== Segment start ==

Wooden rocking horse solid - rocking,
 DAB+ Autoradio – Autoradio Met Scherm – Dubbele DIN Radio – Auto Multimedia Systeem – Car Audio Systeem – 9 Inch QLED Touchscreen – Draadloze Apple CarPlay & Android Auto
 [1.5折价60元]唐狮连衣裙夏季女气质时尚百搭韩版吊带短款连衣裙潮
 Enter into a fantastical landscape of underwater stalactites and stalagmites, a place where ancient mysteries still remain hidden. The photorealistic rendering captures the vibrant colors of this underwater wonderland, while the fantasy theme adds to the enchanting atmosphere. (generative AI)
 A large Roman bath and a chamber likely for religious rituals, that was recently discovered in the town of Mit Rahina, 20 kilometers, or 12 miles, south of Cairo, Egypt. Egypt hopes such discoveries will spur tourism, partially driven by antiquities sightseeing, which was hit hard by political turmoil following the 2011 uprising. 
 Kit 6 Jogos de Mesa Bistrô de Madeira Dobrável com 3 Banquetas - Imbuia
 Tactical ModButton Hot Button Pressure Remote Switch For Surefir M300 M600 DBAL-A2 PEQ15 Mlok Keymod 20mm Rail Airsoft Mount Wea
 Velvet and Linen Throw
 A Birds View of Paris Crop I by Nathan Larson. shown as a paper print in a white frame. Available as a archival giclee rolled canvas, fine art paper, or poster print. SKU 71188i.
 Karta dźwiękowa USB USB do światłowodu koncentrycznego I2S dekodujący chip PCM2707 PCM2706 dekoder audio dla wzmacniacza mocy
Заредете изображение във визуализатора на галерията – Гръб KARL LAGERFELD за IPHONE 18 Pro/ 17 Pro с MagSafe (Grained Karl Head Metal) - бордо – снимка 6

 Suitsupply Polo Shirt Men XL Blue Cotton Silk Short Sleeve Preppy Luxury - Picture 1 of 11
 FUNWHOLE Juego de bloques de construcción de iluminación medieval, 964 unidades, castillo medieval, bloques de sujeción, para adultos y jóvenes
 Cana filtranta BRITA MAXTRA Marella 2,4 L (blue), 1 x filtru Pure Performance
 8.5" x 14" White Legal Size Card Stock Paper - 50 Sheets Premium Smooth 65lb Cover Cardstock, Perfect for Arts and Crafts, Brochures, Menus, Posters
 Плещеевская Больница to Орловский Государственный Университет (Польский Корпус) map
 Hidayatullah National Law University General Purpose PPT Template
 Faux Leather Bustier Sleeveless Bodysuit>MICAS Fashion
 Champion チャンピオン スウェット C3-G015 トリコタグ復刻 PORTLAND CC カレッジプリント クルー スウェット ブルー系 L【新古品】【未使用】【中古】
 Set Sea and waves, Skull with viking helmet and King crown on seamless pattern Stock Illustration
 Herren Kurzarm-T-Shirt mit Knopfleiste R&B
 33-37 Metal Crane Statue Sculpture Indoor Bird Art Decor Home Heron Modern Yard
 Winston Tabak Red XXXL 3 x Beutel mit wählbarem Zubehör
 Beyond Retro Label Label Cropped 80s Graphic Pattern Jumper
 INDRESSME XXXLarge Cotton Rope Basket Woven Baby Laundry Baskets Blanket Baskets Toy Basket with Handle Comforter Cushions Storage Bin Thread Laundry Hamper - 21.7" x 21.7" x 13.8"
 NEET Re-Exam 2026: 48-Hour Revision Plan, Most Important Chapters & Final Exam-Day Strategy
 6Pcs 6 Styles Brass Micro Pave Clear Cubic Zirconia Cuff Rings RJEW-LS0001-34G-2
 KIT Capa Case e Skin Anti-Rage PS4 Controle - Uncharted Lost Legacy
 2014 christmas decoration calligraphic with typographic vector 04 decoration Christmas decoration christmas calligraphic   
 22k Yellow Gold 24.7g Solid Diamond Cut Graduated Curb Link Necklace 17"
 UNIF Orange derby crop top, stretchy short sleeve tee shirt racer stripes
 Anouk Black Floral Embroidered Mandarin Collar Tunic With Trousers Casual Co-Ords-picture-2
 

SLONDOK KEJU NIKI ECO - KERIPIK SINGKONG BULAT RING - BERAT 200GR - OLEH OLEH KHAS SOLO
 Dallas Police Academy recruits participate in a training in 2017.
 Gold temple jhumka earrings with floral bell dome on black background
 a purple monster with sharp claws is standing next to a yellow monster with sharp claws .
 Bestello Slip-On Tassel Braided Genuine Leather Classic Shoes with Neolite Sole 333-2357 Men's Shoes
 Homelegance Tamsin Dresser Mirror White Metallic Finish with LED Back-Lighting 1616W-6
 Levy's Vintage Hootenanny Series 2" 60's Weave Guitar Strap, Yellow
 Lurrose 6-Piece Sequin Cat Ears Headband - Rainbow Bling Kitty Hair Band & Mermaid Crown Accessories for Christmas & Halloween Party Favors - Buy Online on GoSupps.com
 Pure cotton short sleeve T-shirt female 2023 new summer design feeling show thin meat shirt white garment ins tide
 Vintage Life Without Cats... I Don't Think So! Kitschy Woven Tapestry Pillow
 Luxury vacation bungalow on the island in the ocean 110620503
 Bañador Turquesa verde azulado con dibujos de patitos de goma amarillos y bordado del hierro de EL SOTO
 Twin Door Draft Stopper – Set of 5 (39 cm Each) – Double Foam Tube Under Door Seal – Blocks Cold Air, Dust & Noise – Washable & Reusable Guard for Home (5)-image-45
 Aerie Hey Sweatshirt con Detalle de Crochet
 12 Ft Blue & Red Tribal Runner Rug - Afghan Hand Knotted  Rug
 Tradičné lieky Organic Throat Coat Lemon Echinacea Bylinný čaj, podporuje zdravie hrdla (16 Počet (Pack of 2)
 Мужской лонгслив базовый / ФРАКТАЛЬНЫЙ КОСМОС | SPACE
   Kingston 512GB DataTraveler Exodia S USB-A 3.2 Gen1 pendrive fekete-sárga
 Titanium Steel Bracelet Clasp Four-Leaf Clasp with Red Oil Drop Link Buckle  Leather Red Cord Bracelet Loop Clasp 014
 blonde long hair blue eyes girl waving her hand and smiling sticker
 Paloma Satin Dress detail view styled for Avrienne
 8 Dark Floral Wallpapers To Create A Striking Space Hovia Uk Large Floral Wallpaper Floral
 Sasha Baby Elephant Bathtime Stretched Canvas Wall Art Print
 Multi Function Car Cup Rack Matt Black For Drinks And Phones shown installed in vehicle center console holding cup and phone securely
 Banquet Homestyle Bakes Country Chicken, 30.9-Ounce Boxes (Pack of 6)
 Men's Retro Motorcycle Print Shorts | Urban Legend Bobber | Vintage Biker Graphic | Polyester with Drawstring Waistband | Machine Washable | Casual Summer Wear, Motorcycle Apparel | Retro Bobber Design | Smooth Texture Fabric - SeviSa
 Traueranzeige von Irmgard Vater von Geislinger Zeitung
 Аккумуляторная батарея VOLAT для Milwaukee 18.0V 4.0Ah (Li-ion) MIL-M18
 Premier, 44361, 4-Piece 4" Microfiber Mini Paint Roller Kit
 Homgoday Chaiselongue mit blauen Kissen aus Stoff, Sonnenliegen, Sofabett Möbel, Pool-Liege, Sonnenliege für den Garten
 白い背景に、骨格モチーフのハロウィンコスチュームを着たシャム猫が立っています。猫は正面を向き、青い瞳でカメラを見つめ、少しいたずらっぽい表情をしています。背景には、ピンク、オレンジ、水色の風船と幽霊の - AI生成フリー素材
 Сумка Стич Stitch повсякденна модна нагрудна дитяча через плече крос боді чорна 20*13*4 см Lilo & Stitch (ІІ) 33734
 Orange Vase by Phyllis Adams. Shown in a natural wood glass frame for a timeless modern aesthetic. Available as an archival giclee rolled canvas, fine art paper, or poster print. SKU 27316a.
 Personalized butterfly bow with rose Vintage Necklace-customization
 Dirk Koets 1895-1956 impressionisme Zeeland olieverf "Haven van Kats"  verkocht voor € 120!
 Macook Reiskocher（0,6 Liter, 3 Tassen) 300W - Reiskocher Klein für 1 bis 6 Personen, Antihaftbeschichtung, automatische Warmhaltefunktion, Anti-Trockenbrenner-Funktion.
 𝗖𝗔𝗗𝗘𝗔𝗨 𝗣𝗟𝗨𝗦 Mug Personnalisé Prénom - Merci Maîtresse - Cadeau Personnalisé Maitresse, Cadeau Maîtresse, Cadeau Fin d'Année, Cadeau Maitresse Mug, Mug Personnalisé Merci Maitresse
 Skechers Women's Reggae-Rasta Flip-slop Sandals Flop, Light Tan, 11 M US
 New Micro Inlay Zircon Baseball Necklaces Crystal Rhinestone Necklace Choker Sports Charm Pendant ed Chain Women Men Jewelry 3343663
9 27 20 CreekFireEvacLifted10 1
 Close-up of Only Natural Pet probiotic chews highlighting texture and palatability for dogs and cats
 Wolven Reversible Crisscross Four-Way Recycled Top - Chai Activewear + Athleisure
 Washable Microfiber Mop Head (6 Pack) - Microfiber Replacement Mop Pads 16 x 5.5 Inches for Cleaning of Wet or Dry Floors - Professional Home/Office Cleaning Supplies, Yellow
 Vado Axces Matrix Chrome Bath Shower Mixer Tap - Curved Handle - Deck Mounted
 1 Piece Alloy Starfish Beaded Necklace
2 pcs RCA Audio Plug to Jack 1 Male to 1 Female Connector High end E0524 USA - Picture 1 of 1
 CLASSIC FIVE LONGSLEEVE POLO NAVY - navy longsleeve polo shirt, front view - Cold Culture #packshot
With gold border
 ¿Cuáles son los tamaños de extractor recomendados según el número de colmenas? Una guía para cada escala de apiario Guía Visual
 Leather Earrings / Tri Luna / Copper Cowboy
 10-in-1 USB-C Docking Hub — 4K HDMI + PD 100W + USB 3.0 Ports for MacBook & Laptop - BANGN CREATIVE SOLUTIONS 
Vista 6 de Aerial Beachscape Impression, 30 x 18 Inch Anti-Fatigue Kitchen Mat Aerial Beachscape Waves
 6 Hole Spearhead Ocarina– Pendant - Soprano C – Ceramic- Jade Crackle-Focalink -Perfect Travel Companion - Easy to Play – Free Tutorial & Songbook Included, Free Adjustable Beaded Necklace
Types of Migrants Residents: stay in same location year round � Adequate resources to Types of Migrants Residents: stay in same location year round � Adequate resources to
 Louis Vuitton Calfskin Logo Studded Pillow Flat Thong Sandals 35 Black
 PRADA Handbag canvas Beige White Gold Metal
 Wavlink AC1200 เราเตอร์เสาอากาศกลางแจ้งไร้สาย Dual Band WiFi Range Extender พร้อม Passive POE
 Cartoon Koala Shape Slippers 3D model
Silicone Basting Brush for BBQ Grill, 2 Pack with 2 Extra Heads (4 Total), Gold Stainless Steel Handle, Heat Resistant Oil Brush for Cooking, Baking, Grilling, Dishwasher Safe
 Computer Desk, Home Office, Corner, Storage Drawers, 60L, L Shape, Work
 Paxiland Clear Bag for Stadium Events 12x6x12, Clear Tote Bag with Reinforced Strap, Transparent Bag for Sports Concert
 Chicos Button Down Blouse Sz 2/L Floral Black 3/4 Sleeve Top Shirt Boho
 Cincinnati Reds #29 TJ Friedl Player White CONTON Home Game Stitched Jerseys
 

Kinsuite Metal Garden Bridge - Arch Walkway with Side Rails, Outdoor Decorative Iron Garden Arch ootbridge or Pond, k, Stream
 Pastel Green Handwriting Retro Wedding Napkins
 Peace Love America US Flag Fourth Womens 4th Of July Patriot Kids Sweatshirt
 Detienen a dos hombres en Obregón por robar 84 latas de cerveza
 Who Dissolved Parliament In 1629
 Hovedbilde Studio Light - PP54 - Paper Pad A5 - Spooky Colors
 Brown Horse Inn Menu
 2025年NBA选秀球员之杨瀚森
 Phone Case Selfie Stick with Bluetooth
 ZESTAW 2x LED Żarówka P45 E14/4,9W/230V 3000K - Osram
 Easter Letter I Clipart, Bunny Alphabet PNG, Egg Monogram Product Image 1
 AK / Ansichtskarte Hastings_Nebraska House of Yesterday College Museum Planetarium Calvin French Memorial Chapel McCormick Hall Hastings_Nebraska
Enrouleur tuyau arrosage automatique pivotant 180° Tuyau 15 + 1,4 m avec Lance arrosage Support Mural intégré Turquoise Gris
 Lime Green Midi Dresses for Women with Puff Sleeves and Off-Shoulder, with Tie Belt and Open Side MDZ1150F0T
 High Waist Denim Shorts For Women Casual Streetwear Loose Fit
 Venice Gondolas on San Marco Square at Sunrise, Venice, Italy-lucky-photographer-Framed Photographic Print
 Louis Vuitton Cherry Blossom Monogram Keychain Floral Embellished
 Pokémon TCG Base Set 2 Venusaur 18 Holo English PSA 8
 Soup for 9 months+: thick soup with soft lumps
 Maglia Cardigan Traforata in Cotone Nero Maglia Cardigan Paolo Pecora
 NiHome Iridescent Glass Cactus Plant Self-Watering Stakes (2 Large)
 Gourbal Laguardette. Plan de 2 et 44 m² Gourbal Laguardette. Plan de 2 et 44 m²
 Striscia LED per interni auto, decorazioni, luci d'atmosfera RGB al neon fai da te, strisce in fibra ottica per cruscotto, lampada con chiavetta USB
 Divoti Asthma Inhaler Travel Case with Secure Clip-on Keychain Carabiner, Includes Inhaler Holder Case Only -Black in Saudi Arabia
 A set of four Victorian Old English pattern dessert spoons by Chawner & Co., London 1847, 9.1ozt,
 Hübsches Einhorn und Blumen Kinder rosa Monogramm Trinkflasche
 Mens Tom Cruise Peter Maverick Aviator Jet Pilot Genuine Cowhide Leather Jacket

== Segment end ==

§ **WORK TO BE COMPLETED**
The range runs from the line above containing "FUNWHOLE Juego de" to the line containing "Beyond Retro Label", inclusive. Restate those lines word for word and no others.

§ **EXERCISE OUTPUT**
 FUNWHOLE Juego de bloques de construcción de iluminación medieval, 964 unidades, castillo medieval, bloques de sujeción, para adultos y jóvenes
 Cana filtranta BRITA MAXTRA Marella 2,4 L (blue), 1 x filtru Pure Performance
 8.5" x 14" White Legal Size Card Stock Paper - 50 Sheets Premium Smooth 65lb Cover Cardstock, Perfect for Arts and Crafts, Brochures, Menus, Posters
 Плещеевская Больница to Орловский Государственный Университет (Польский Корпус) map
 Hidayatullah National Law University General Purpose PPT Template
 Faux Leather Bustier Sleeveless Bodysuit>MICAS Fashion
 Champion チャンピオン スウェット C3-G015 トリコタグ復刻 PORTLAND CC カレッジプリント クルー スウェット ブルー系 L【新古品】【未使用】【中古】
 Set Sea and waves, Skull with viking helmet and King crown on seamless pattern Stock Illustration
 Herren Kurzarm-T-Shirt mit Knopfleiste R&B
 33-37 Metal Crane Statue Sculpture Indoor Bird Art Decor Home Heron Modern Yard
 Winston Tabak Red XXXL 3 x Beutel mit wählbarem Zubehör
 Beyond Retro Label Label Cropped 80s Graphic Pattern Jumper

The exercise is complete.